(TASK STATEMENT):
Take the lines from the one with "Mercedes-Benz GLA 250" to the end of the listing, both ends included, and quote them exactly, leaving pictures out.

──────

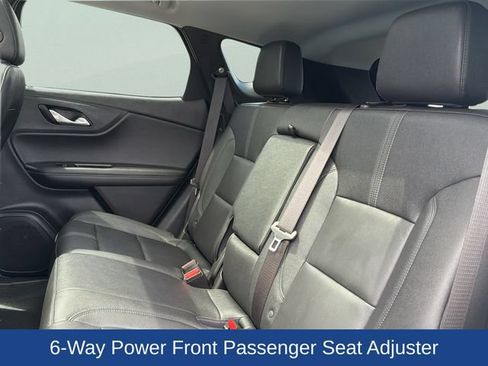 Used 2022 Chevrolet Blazer LT w/ Sound & Technology Package AWD/4WD image 16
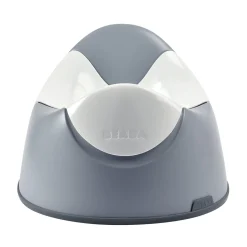 Pot ergonomique Gris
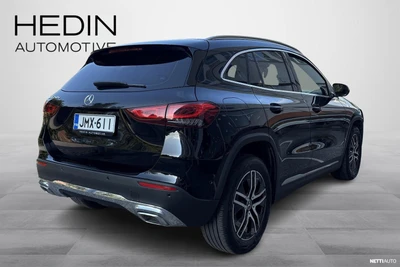 Mercedes-Benz GLA 250 e A Business 2023, kuva 3/28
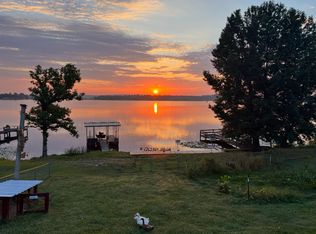91 Dam Rd, Mayflower, AR 72106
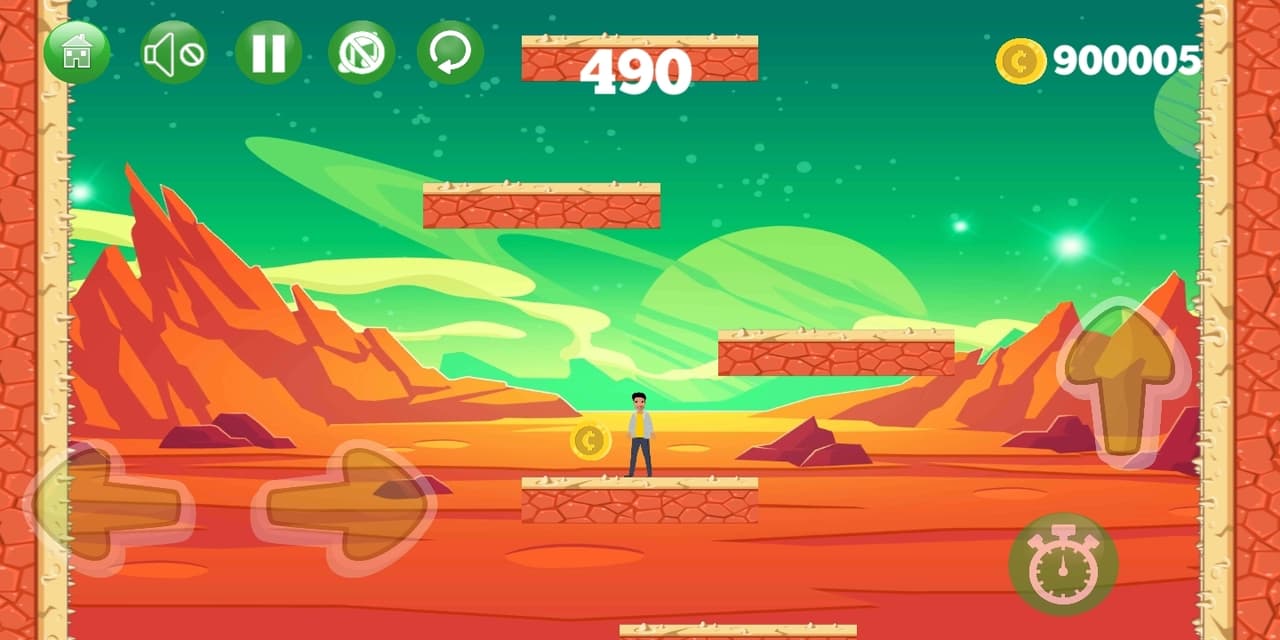 Naughty Hamada (Creators Edition) screenshot 4
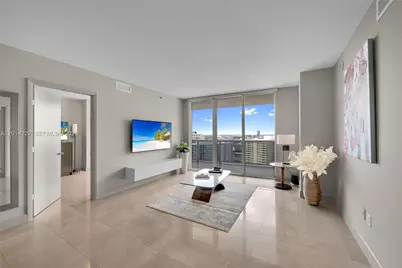 1800 S Ocean Dr #2007, Hallandale Beach, FL 33009 - Photo 4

──────

(TASK RESPONSE):
 Mercedes-Benz GLA 250 e A Business 2023, kuva 3/28
91 Dam Rd, Mayflower, AR 72106
 Naughty Hamada (Creators Edition) screenshot 4
 1800 S Ocean Dr #2007, Hallandale Beach, FL 33009 - Photo 4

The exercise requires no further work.